J'espérais vraiment que ce budget soit au moins un début de réponse, voire une riposte à ce qui se passe notamment en Allemagne.

Vous ne l'avez pas voulu ainsi. Sans doute, monsieur le ministre, parce que vous avez, si j'ose dire, un boulot de chien, avec une mauvaise nouvelle toutes les quinze minutes. Et aussi parce que nous n'avons pas réussi à vous convaincre que cette crise-là était, pour nous, un vrai tremblement de terre. Nous ne sommes donc pas d'accord sur la conduite de ce dossier, du moins telle qu'elle s'est effectuée jusqu'à maintenant. Ce sera une des raisons de notre abstention lors du vote de votre budget.

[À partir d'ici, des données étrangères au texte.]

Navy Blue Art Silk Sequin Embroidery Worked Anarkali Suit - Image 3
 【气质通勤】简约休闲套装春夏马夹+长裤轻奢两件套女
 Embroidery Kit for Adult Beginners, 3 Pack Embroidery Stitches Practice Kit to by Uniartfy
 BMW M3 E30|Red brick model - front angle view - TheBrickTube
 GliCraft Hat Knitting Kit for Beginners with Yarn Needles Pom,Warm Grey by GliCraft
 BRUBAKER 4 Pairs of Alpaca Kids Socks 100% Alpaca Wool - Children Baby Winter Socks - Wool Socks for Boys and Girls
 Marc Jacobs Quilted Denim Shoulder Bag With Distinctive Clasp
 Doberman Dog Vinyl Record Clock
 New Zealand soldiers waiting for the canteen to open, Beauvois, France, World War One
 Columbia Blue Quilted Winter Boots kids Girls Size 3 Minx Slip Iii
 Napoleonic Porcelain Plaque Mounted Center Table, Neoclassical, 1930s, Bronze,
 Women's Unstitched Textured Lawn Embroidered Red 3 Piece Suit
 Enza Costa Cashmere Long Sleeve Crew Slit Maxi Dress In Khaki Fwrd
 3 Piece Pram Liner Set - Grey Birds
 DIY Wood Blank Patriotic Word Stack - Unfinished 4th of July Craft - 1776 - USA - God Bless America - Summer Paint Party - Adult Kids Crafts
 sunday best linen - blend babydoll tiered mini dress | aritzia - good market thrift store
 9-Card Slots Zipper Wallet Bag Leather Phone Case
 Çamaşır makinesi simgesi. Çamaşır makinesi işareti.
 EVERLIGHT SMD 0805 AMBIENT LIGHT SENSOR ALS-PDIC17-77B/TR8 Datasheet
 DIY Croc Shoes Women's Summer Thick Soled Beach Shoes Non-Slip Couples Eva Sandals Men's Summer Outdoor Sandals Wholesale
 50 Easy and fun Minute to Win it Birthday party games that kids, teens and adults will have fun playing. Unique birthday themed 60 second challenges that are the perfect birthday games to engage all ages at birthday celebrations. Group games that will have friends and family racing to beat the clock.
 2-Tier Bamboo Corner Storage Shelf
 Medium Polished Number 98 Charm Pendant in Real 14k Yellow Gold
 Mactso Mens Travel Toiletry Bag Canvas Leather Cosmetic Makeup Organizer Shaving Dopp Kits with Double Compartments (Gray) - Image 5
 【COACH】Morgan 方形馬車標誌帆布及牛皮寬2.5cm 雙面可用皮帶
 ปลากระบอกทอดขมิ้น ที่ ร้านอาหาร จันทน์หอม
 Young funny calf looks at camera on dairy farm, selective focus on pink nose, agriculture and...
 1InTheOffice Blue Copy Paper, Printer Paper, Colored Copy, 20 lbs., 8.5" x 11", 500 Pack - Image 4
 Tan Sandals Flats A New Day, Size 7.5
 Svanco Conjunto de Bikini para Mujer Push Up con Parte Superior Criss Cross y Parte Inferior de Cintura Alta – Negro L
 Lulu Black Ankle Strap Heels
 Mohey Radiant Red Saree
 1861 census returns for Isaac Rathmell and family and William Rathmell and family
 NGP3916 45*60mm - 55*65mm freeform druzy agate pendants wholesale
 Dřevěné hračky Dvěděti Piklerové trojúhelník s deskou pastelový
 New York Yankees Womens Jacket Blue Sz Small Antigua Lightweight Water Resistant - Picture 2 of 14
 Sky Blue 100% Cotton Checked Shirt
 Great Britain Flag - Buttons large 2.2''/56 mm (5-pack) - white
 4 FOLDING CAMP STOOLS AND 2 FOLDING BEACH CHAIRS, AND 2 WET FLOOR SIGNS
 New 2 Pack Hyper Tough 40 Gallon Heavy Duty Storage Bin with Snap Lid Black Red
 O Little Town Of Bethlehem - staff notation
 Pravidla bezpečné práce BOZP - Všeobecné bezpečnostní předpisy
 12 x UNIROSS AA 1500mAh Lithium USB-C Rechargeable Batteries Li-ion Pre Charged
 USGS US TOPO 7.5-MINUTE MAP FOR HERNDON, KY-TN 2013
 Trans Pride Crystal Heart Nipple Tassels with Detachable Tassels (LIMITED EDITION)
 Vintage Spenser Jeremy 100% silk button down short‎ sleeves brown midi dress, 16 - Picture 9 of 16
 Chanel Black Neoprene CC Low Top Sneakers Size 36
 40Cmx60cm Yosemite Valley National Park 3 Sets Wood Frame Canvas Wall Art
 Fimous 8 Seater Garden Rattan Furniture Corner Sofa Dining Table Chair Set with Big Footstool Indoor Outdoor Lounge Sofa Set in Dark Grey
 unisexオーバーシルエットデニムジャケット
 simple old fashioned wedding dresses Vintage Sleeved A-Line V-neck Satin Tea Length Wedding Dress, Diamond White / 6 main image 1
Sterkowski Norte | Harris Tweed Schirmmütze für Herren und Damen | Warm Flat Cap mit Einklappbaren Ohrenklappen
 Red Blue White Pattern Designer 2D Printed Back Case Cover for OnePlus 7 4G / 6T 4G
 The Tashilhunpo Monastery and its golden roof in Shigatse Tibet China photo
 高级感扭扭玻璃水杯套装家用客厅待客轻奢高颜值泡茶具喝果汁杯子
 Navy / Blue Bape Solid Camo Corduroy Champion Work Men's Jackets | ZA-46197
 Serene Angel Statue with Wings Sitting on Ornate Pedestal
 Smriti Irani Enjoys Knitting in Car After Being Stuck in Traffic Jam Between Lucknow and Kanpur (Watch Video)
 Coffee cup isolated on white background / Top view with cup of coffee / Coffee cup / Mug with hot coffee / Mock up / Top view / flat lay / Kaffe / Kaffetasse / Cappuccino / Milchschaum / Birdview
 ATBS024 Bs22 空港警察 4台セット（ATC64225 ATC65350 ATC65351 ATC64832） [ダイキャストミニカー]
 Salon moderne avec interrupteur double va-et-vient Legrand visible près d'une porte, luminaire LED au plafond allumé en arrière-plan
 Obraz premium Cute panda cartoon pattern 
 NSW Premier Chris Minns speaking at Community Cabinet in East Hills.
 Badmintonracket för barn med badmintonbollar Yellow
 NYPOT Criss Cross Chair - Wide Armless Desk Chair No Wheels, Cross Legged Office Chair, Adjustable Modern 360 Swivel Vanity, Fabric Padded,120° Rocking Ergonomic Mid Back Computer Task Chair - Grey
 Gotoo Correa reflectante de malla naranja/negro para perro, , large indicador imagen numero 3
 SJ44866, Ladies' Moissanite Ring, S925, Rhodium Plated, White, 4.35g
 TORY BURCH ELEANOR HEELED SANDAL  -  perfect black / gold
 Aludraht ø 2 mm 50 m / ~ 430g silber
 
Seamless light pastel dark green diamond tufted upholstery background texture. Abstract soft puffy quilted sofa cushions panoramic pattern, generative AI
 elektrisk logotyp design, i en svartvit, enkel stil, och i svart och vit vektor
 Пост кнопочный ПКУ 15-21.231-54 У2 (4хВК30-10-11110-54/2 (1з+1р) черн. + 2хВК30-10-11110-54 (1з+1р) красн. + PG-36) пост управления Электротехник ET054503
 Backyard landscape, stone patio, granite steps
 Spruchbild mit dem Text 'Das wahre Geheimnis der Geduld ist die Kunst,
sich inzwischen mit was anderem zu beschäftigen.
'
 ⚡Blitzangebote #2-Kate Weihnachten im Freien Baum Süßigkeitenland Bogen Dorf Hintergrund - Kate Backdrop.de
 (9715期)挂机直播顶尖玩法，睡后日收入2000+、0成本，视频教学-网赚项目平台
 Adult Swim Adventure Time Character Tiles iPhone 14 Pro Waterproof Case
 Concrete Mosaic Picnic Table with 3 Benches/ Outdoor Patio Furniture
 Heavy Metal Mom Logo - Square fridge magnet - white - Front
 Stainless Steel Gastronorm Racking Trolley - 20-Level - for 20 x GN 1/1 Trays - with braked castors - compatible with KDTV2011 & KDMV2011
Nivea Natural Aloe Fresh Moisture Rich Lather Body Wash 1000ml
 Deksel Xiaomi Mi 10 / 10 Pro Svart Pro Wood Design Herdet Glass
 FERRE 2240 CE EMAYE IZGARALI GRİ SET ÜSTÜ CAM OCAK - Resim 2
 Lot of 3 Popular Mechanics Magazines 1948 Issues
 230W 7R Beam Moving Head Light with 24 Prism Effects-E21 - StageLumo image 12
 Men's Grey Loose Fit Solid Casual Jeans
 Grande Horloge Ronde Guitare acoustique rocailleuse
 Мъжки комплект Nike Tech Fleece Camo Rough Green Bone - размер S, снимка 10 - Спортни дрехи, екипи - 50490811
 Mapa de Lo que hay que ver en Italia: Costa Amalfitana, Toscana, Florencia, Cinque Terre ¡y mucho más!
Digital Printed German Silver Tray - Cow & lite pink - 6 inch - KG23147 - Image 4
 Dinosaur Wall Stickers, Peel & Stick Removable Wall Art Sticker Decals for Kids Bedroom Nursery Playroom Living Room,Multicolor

Soyons honnêtes. Votre budget n'est pas sans signes d'espoir, même pour un arboriculteur français. Je tiens à saluer - François Sauvadet et d'autres orateurs, comme Michel Raison l'ont fait - les débuts de l'assurance récolte. Enfin une vraie assurance pour lutter contre tous les aléas climatiques - non seulement la grêle, mais aussi le vent, le gel ou la sécheresse - qui déstabilisent depuis toujours ces professions. Ô certes, les débuts sont timides, avec 10 millions d'euros. Mais enfin, la porte est ouverte. On en parlait depuis vingt ans ; vous êtes le ministre qui l'aura fait naître. Bravo pour cela, monsieur le ministre !

Mais pour cette filière une vraie riposte française aurait été d'oser répondre sur trois fronts : d'abord, celui de l'aide d'urgence ; ensuite, celui du coût du travail ; enfin, celui des relations entre la production et la grande distribution.

Les aides d'urgence d'abord. Les agriculteurs, par exemple les serristes en tomate - ceux qui ont perdu environ 90 000 euros par hectare - me demandent la gorge serrée : « Jean, qu'est ce que je fais ? Je replante pour reperdre la même chose ou j'arrête tout ? »

Certains d'entre eux font le pari de continuer. Mais comment, lorsqu'on vient de perdre 90 000 euros par hectare, faire les avances pour la prochaine campagne et chauffer les serres avec un prix de l'énergie qui explose ? Les aides d'urgence prennent alors tout leur sens.

À Nantes, le 7 octobre, à l'occasion du quarante-huitième congrès national des producteurs de légumes, vous avez annoncé quatre mesures : 10 millions d'euros consacrés à des aides directes de trésorerie ; 50 millions d'euros de prêts de consolidation ; un million d'euros pour la mise en place d'un étalement des cotisations à la Mutualité sociale agricole ; et enfin, 10 millions d'euros à l'ONIFLHOR.

Sans nier l'intérêt de ces mesures, nous voulons dire fortement qu'elles ne nous semblent vraiment pas à la hauteur du drame qu'a connu la filière cet été. Peut-être ne pouviez-vous pas aller plus loin dans le cadre budgétaire qui vous avez été donné. Alors, il fallait avoir l'audace de créer des ressources fiscales exceptionnelles. L'UDF avait émis l'idée d'une hausse exceptionnelle de la TACA. Il est dommage que vous ne l'ayez pas retenue.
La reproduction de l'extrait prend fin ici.